Breach-parse.py

Multiprocessing

Breach-parse

Reading 40 GB of data with efficiency

This blog post is not for learning how to multiprocess, rather how I used multiprocessing in Python to solve my problem.

About breach-parse

Breach Compilation is 41 GB or 1,981 text files of user email address and password pairs from old database leaks that has recently gained main stream attention. breach-parse is a bash tool designed to search through this data and save matching credential pairs to another file.

The Problem

I want to code a Python version of breach-parse, but how do we search through 41 GB of data in the fastest way possible? The main bottle neck in our problem will be the speed of reading files. Now there are other factors outside of Python we cannot control, such as the storage medium. Ideally the data is stored on an SSD for the fastest read time. My data is stored on a HDD… much slower read times, but lets focus on want we can do in Python.

Concurrency vs Parallelism

There are countless articles on learning the difference between concurrency vs parallelism, so I will keep this short. Concurrency allows you to work a set of tasks in out-of-order or partial order, but not work those tasks at the same time. Parrallelism allows you to work tasks at the same time. I will use parallelism to read multiple files at the same time to hopefully decrease search time.

Apply this to Python

Concurrency is achived by working with threads in Python library threading or asyncio.

Parallelism is achived by working with not threads, but processes in Python library multiprocessing.

I use multiprocessing to create one process for every core your CPU has.

Multiprocessing

To get started with multiprocessing, you need to design a task to be worked by workers. My CPU has 4 cores, therefore I have 4 workers at my disposal. The task I want them to work is to read a file line by line comparing the line to a given search string. If the line contains the search string, then save that line to a list for later use.

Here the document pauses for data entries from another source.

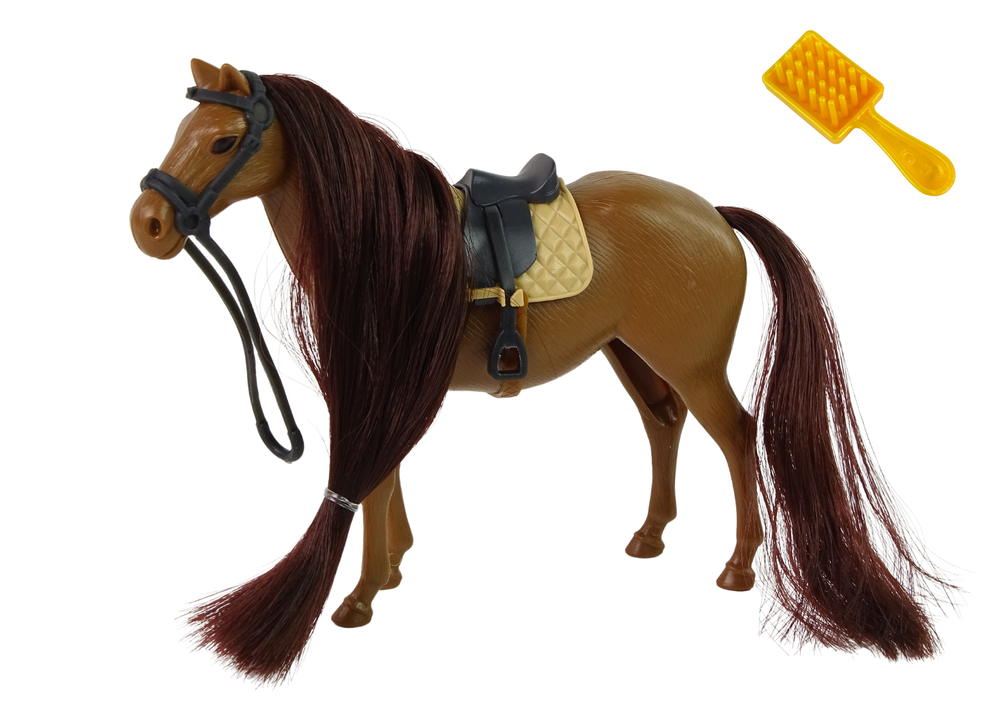 LEAN Toys Braunes Mähnenkämmendes Pferd Figur – Produktabbildung 2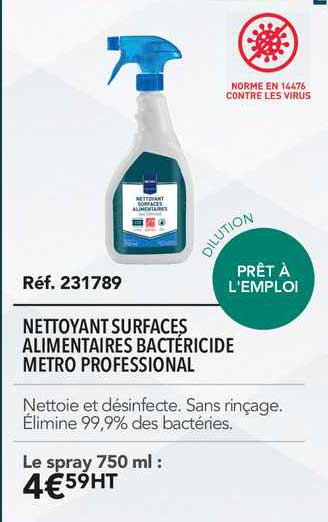 nettoyant surfaces alimentaires bactéricide metro professional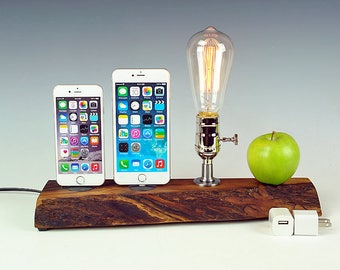 Live edge Walnut Dual docking station with lamp for ANY iPhone, Edison bulb dock lamp for any two iPhones. USA. #771.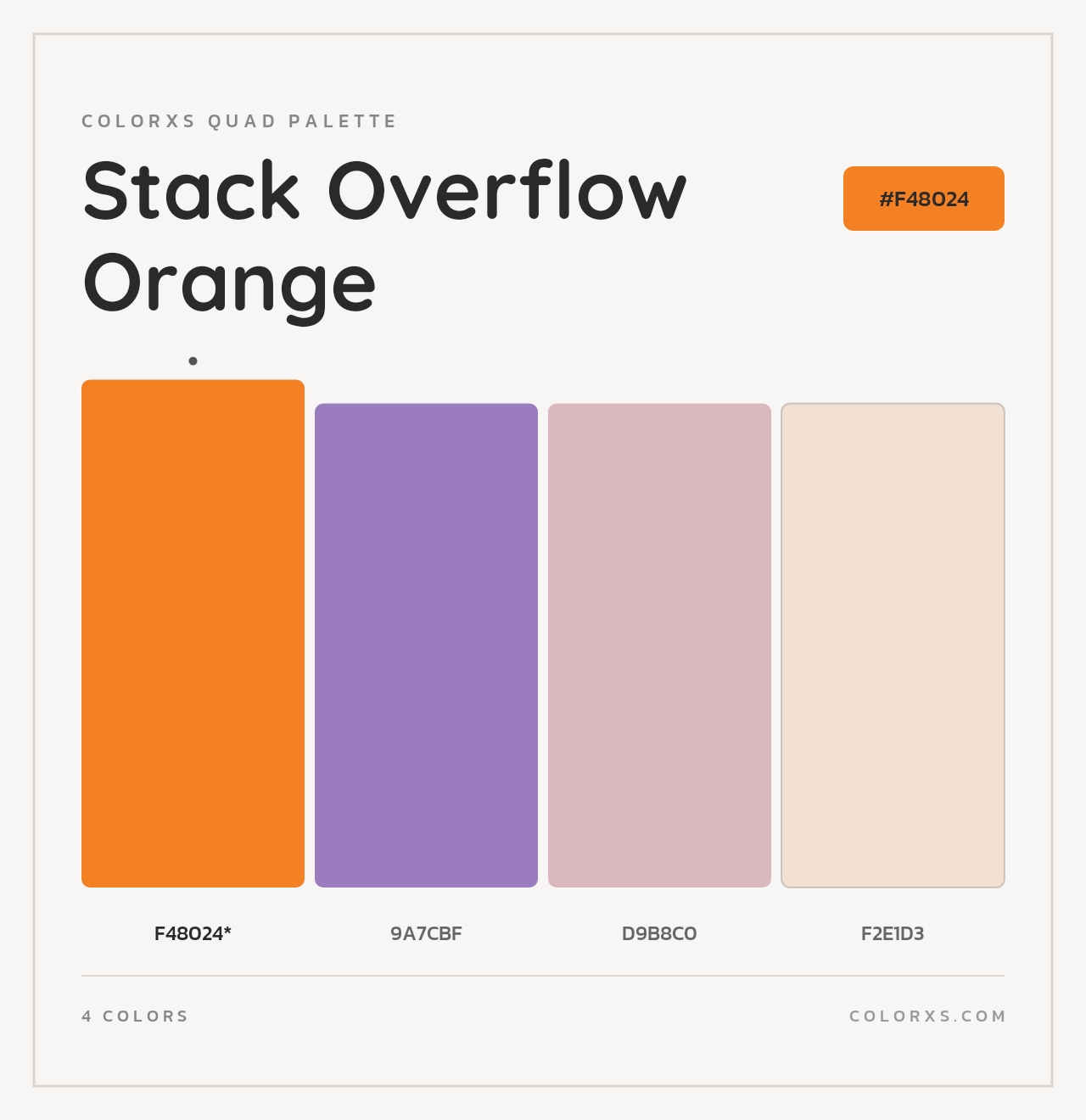 Stack Overflow Orange - Colorxs Quad Palette
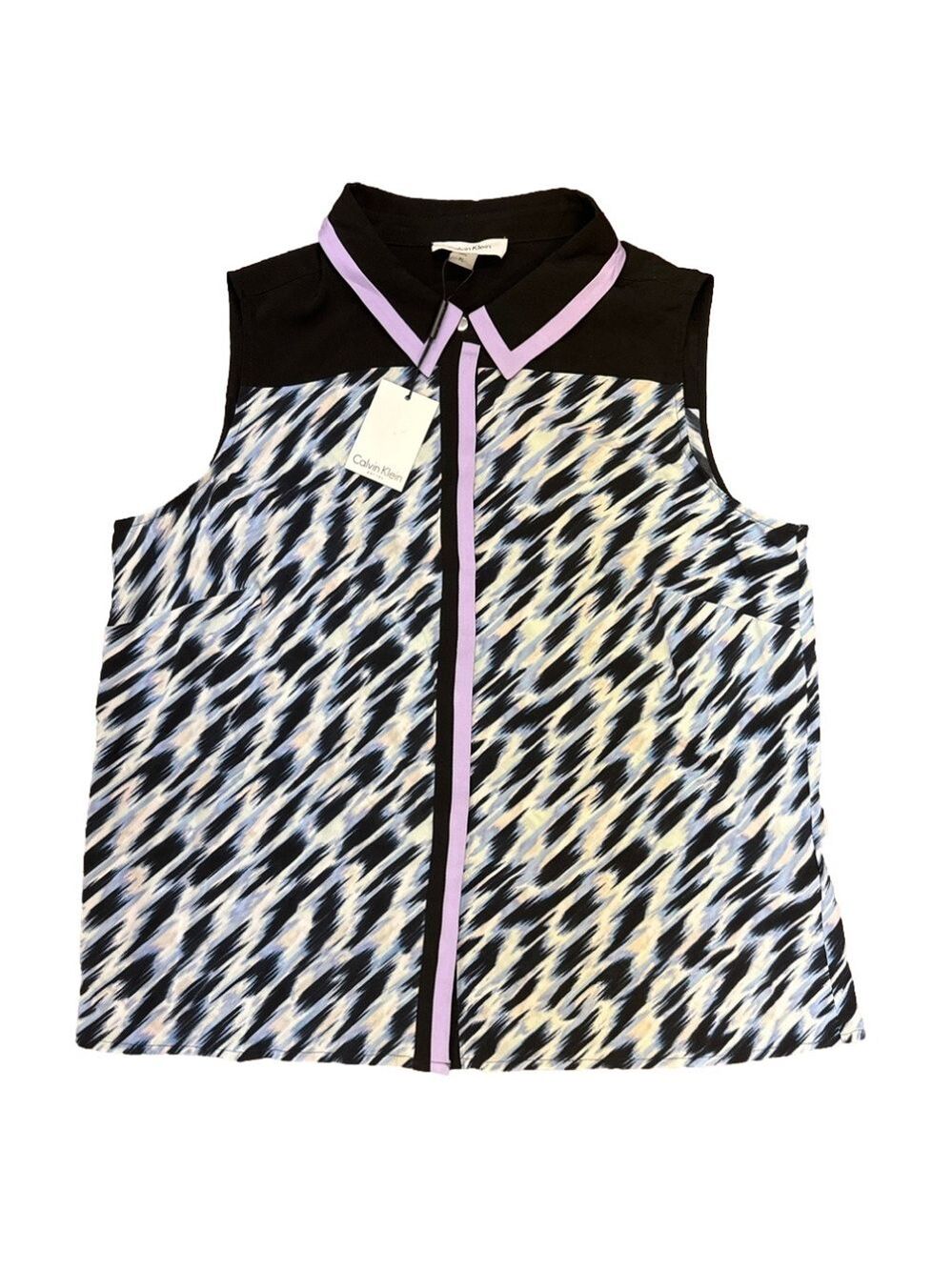 NWT Calvin Klein Sleeveless Collard Blouse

Now I can read 4 files at once, but we can actually do a little bit better with context managers in Python. We can use an ExitStack to open multiple files at the same time:

with ExitStack() as stack:
    files = [stack.enter_context(open(fname)) for fname in filenames]
    # All opened files will automatically be closed at the end of
    # the with statement, even if attempts to open files later
    # in the list raise an exception

Now each worker can open/read 5 files at once! 4 cores X 5 files = 20 files read at once.

Multiprocessing in action

Below is the Python code used to create workers and read files:

from contextlib import ExitStack
from multiprocessing import Pool

def main():
# start multi threaded search
    with Pool() as pool:
        res = pool.starmap(search_file, queue)

def search_file(files, search_term):
    results = []

    with ExitStack() as stack:
        working_files = [stack.enter_context(open(x, "rb")) for x in files]
        for lines in working_files:
            for line in lines:
                if search_term in line:
                    results.append(line)

    return results

In the main function I create a multiprocessing Pool() which handles creating workes based on the number of cores I have. The first parameter is search_file which is actually the name of the function I want the workers to work. The second parameter is queue which is a list with a list of files for the worker to open and the search string.

Below is what queue looks like:

queue = [
	[[file1, file2, file3, file4, file5], search_string]
	[[file1, file2, file3, file4, file5], search_string]
	[[file1, file2, file3, file4, file5], search_string]
	[[file1, file2, file3, file4, file5], search_string]
	...
]

Each worker takes an item out of the queue and opens 5 files, then returns the matching lines and takes another item out of the queue.

breach-parse.py

Now is time for the final results! Remember my data is stored on a HDD. The original Bash version finishes searching with search string @tesla.com in 413 seconds. My Python version finishes in 342 seconds. 71 seconds faster, however depending on your hardware your results will vary.